C# program that shows code motion using System; using System.Diagnostics; class Program { const int _max = 100000; static void Main() { Console.WriteLine(Method1()); Console.WriteLine(Method2()); var s1 = Stopwatch.StartNew(); for (int i = 0; i < _max; i++) { Method1(); } s1.Stop(); var s2 = Stopwatch.StartNew(); for (int i = 0; i < _max; i++) { Method2(); } s2.Stop(); Console.WriteLine(((double)(s1.Elapsed.TotalMilliseconds * 1000 * 1000) / _max).ToString("0.00 ns")); Console.WriteLine(((double)(s2.Elapsed.TotalMilliseconds * 1000 * 1000) / _max).ToString("0.00 ns")); Console.Read(); } static string Method1() { int i; string value = null; for (i = 0; i < 100; i++) { value = "abc" + 5.ToString(); } return value + i.ToString(); } static string Method2() { int i; string value = null; value = "abc" + 5.ToString(); for (i = 0; i < 100; i++) { } return value + i.ToString(); } } Results abc5100 abc5100 11324.32 ns 484.68 ns
In this program, we can see that pulling the loop-invariant statement out of the loop resulted in a dramatic performance increase. The results also show that both methods produce the same result.
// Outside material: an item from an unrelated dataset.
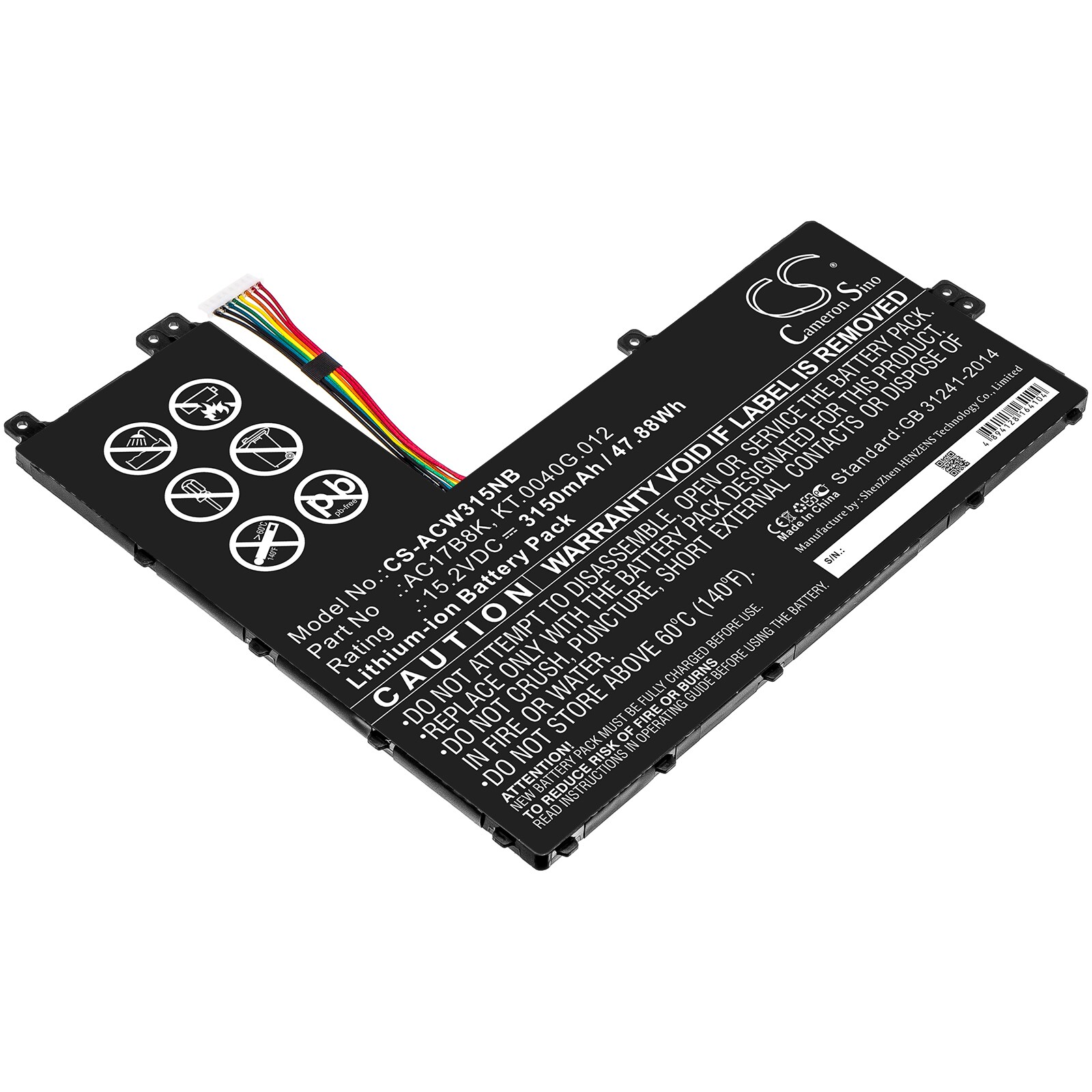 Batteri til notebook, laptop til Acer Swift 3 SF315-52G-54DA og andre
And: Most interesting is that the compiler did not perform this optimization itself. With the C# language, you must do this by hand.
Note: Code motion can be performed by a compiler. But the compiler in the .NET Framework 4.0 misses opportunities for this optimization.
Optimization. The best way to compile a program is "undecidable." So no program can truly be considered optimal. But as programmers, trying to improve performance of critical paths is worth the effort.
JIT: In this form of compilation, methods are compiled as they are accessed by a program's control flow.
Summary. Compilers are complicated. They use an elaborate series of phases to transform program source. Modern computers, and all computer software, rely on compiler theory. It is at the core of all software.